Lizzie is a History of Art PhD Candidate at Pembroke College, University of Cambridge. She completed her History of Art BA at King’s College, Cambridge, in 2014, and in 2016 she received her MPhil in History of Art at Peterhouse, Cambridge. She previously worked for Art Fund, the United Kingdom’s national charity for art in 2014–2015. Lizzie has curated displays in the Fitzwilliam Museum (2017) and the Cambridge University Library (2018), and she recently contributed to the exhibition catalogue for ‘Michaelina: Baroque’s Leading Lady’, Rubenshuis and Museum aan de Stroom, Antwerp (2018). Lizzie is also a Trustee of the Wiener Library, London, the world’s oldest Holocaust archive.

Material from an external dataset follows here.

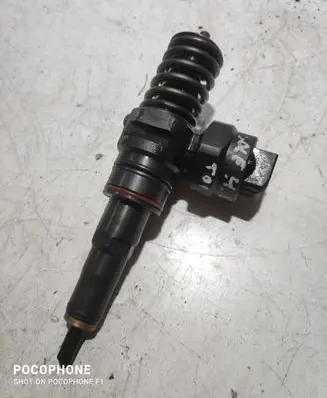 Volkswagen Golf IV Fuel injector J0414720007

Ying-chen Peng – J.S. Lee Memorial Fellowship
Dr. Ying-chen Peng is an Assistant Professor of Chinese art history at American University, Washington D.C. She received her PhD degree from the University of California, Los Angeles in 2014. She specializes in late imperial and modern Chinese material culture, with a focus on gender issues and the global interaction of craft art during the 19th and 20th centuries. She has published articles on the art patronage of Empress Dowager Cixi and curated an exhibition on Cixi's art from the collections of Summer Palace, Beijing.
Ying-chen is currently writing a book manuscript on the collecting of Asian art in mid-19th century America. She will spend seven months at the Rijksmuseum to study the collections of Asian ceramics in the Museum as well as in the region to explore the roles Asian art dealers, collectors and their collections in the Netherlands and other European countries played in the formative era of American connoisseurship of Asian art.
Forough Sajadi – Andrew W. Mellon Fellowship
Forough Sajadi is a PhD candidate in the History of Art at the University of Warsaw in Poland, where she studies Persian and European painting in the seventeenth century. As a Fellow at the Rijksmuseum, she is working on her PhD dissertation. Specifically, she is examining the links between Persian paintings and Netherlandish art during the period 1588–1722. In this research, Forough will collect and analyse Persian paintings that were inspired by Netherlandish artworks. She is also documenting the careers of a few Dutch and Flemish painters who travelled to Persia in the seventeenth century.
Prior to joining the Rijksmuseum, Forough was a Lecturer in the History of Persian Miniatures at the Institute of Art History at the University of Warsaw. She was also a Lecturer in Persian Miniatures collaborating with the Asia and Pacific Museum in Warsaw. She earned her MA in the Research of Art in Tehran, Iran. Outside of academia, she has extensive experience as a painter and has held a number of exhibitions.
Anna-Claire Stinebring – Dr. Anton C.R. Dreesmann Fellowship
Anna-Claire Stinebring is a PhD candidate in the History of Art at the University of Pennsylvania specializing in early modern Northern European art. At the Rijksmuseum Anna-Claire will be in the early stages of researching her dissertation on Jan van Hemessen, a key but overlooked figure in the development of sixteenth-century Antwerp painting before Bruegel. Hemessen and his peers experimented with radically new representational strategies as well as subject matter to render a worldview where the sacred was newly and firmly enmeshed in the profane. This dissertation focuses on how form and facture shape meaning in Hemessen’s complex and original paintings.
Anna-Claire received her MA in art history from the Williams Graduate Program in the History of Art and her BA from Oberlin College. She has previously held the Slifka Foundation Interdisciplinary Fellowship at the Metropolitan Museum of Art (2014-2015). Other recent museum experience includes a Mellon summer fellowship at the Philadelphia Museum of Art and a graduate lectureship at the Institute of Contemporary Art in Philadelphia. Prior to beginning her graduate study, Anna-Claire served as a curatorial assistant at Oberlin College’s Allen Memorial Art Museum.